Objective
A major Indonesian government financial institution required a comprehensive assessment of its Kubernetes-based a critical nationwide tax administration system infrastructure to evaluate the current operational condition, identify potential scalability and reliability risks, and establish a structured roadmap aligned with Kubernetes production best practices.
PT Boer Technology conducted a full infrastructure assessment covering Kubernetes cluster architecture, node utilization, storage configuration, RabbitMQ, Redis, and workload management to support long-term operational stability and modernization initiatives.
Context
The critical platform operated on a large-scale Kubernetes environment consisting of:
-
Over 20+ Kubernetes nodes (Including Control Plane and Worker Nodes)
-
Kubernetes platform
-
Hundreds of deployments across multiple active namespace
-
Over 200+ HorizontalPodAutoscaler resources
-
Stateful workloads including RabbitMQ and Redis clusters
-
Ubuntu LTS infrastructure environment
-
Calico CNI and containerd runtime deployment
The assessment identified several operational and architectural challenges, including:
-
Kubernetes and container runtime versions reaching End-of-Life (EOL)
-
Absence of Pod Security implementation
-
Lack of ResourceQuota and LimitRange policies
-
Shared Redis storage architecture creating Single Point of Failure (SPOF)
-
RabbitMQ memory configuration operating close to OOM threshold
-
Over-provisioned compute allocation reducing cluster efficiency
-
Legacy autoscaling API usage with limited scaling flexibility
-
Limited workload disruption protection mechanisms
These conditions created potential risks for scalability, operational resilience, and future platform expansion.
Approach
PT Boer Technology performed a structured Kubernetes infrastructure assessment and operational analysis focused on production readiness and platform optimization.
The assessment activities included:
-
Reviewing Kubernetes cluster architecture and infrastructure topology
-
Collecting node-level CPU and memory utilization metrics
-
Evaluating Kubernetes runtime, networking, and storage configurations
-
Assessing RabbitMQ cluster sizing, persistence, quorum, and resource allocation
-
Analyzing Redis persistence architecture and storage performance
-
Reviewing autoscaling implementation and workload scheduling strategy
-
Identifying security gaps and operational risks
-
Benchmarking existing configurations against Kubernetes best practices
Based on the findings, PT Boer Technology produced a prioritized recommendation roadmap covering critical, medium, and low-priority improvements.
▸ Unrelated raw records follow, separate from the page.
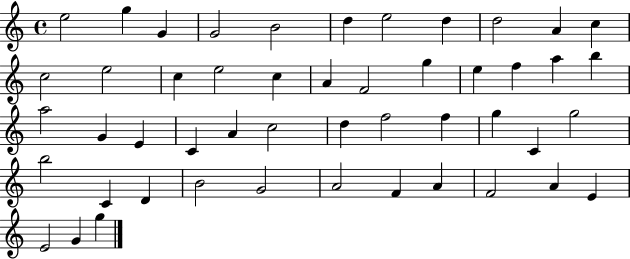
{
  \clef treble
  \time 4/4
  \defaultTimeSignature
  \key c \major
  e''2 g''4 g'4 | g'2 b'2 | d''4 e''2 d''4 | d''2 a'4 c''4 | \break c''2 e''2 | c''4 e''2 c''4 | a'4 f'2 g''4 | e''4 f''4 a''4 b''4 | \break a''2 g'4 e'4 | c'4 a'4 c''2 | d''4 f''2 f''4 | g''4 c'4 g''2 | \break b''2 c'4 d'4 | b'2 g'2 | a'2 f'4 a'4 | f'2 a'4 e'4 | \break e'2 g'4 g''4 | \bar "|."
}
Key recommendations included:
-
Kubernetes cluster upgrade to supported stable versions
-
Migration from legacy HPA APIs to autoscaling/v2
-
Implementation of Pod Security baseline policies
-
ETCD storage expansion for production-grade scalability
-
Deployment of PodDisruptionBudget protections
-
Redis storage migration from shared RWX storage to dedicated RWO volumes
-
RabbitMQ memory watermark optimization
-
Compute resource right-sizing for improved scheduler efficiency
-
Implementation of Descheduler and TopologySpreadConstraint
-
Adoption of Gateway API architecture for traffic management modernization
Results
The assessment provided financial insitution with a comprehensive operational visibility framework and a phased modernization roadmap for the critical system on Kubernetes platform.
Key outcomes included:
-
Complete visibility into Kubernetes cluster health and workload utilization
-
Identification of production stability and scalability bottlenecks
-
Structured prioritization of infrastructure improvements based on operational impact
-
Risk mitigation recommendations for RabbitMQ quorum and Redis persistence
-
Identification of inefficient compute allocation across stateful workloads
-
Security hardening recommendations aligned with Kubernetes best practices
-
Scalability improvement roadmap for autoscaling and workload distribution
-
Foundation for future Kubernetes platform modernization initiatives
Before
-
Kubernetes cluster operated on End-of-Life versions
-
Redis workloads relied on shared NFS storage with SPOF risk
-
RabbitMQ memory configuration operated near OOM threshold
-
No Pod Security enforcement implemented
-
Limited workload disruption safeguards
-
Manual traffic management configuration using nginx.conf
-
Cluster resource reservations not fully optimized
-
HPA implementation limited to CPU-based autoscaling
After
-
Clear modernization roadmap established for cluster upgrade and optimization
-
Production risks identified with mitigation recommendations
-
Redis persistence architecture improvement plan defined
-
RabbitMQ operational resilience and quorum protection strategy established
-
Security baseline implementation framework documented
-
Autoscaling enhancement strategy prepared using autoscaling/v2
-
Infrastructure scalability and workload balancing improvements defined
-
Operational governance and Kubernetes best-practice alignment strengthened
Takeaways
-
Large-scale Kubernetes environments require periodic operational assessments to maintain production readiness and scalability.
-
Stateful services such as RabbitMQ and Redis require dedicated architecture optimization to avoid performance bottlenecks and operational risks.
-
Incremental modernization strategies allow organizations to improve infrastructure reliability while minimizing disruption to critical services.